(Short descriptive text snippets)
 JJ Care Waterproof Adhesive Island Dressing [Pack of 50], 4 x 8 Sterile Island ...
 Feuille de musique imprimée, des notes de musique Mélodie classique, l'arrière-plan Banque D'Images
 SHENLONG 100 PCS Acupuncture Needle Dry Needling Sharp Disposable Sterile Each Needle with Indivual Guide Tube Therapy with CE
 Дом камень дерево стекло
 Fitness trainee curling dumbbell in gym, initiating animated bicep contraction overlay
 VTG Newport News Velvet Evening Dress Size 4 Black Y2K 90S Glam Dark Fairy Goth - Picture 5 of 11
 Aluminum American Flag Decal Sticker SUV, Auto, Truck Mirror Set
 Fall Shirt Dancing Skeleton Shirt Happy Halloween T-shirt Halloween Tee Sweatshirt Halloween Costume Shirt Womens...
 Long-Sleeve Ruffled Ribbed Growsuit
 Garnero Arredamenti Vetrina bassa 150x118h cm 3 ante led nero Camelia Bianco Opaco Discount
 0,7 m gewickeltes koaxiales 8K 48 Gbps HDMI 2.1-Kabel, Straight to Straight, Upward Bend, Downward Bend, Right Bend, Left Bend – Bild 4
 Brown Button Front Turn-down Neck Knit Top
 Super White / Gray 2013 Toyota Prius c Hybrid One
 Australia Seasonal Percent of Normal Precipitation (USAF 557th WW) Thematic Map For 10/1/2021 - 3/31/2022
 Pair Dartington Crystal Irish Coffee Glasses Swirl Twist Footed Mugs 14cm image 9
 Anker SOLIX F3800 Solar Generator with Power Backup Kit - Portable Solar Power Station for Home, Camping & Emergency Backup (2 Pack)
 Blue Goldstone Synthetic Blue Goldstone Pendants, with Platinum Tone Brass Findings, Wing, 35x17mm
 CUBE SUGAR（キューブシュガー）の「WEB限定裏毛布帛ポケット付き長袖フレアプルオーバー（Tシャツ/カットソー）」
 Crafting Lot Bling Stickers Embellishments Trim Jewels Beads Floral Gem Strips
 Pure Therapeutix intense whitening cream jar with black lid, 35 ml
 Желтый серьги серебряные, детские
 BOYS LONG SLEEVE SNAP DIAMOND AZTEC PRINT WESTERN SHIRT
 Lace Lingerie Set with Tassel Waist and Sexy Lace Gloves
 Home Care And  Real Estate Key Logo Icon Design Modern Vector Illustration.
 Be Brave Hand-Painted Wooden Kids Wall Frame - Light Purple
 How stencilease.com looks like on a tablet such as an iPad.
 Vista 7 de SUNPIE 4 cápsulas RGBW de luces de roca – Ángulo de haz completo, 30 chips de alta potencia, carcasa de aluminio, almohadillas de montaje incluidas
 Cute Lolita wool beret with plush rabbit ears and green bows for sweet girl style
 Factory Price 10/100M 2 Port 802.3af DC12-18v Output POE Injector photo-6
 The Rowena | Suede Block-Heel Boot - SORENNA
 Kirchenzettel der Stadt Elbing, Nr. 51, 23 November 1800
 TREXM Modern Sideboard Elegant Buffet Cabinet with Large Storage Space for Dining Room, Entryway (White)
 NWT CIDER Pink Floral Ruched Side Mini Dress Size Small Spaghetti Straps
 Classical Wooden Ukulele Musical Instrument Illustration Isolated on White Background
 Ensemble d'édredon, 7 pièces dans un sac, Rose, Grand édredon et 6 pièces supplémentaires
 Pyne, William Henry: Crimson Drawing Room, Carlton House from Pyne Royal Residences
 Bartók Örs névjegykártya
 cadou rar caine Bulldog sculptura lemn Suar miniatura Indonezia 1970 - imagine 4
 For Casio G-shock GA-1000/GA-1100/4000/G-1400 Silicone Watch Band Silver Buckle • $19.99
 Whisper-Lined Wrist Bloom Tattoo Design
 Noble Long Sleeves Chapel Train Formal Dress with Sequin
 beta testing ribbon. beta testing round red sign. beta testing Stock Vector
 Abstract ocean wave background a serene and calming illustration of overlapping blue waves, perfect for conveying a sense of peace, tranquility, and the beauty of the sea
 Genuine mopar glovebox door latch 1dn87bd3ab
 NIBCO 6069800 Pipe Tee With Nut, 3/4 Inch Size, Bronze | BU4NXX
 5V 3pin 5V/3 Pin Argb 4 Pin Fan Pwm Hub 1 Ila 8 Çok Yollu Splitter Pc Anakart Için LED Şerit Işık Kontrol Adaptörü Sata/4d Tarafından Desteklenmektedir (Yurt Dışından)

§ **Task directions**
Return only the part of the records above that opens with the line containing "Brown Button Front Turn-down Neck Knit Top" and closes with the line containing "Pure Therapeutix intense", ends included.

§ **Answer area**
 Brown Button Front Turn-down Neck Knit Top
 Super White / Gray 2013 Toyota Prius c Hybrid One
 Australia Seasonal Percent of Normal Precipitation (USAF 557th WW) Thematic Map For 10/1/2021 - 3/31/2022
 Pair Dartington Crystal Irish Coffee Glasses Swirl Twist Footed Mugs 14cm image 9
 Anker SOLIX F3800 Solar Generator with Power Backup Kit - Portable Solar Power Station for Home, Camping & Emergency Backup (2 Pack)
 Blue Goldstone Synthetic Blue Goldstone Pendants, with Platinum Tone Brass Findings, Wing, 35x17mm
 CUBE SUGAR（キューブシュガー）の「WEB限定裏毛布帛ポケット付き長袖フレアプルオーバー（Tシャツ/カットソー）」
 Crafting Lot Bling Stickers Embellishments Trim Jewels Beads Floral Gem Strips
 Pure Therapeutix intense whitening cream jar with black lid, 35 ml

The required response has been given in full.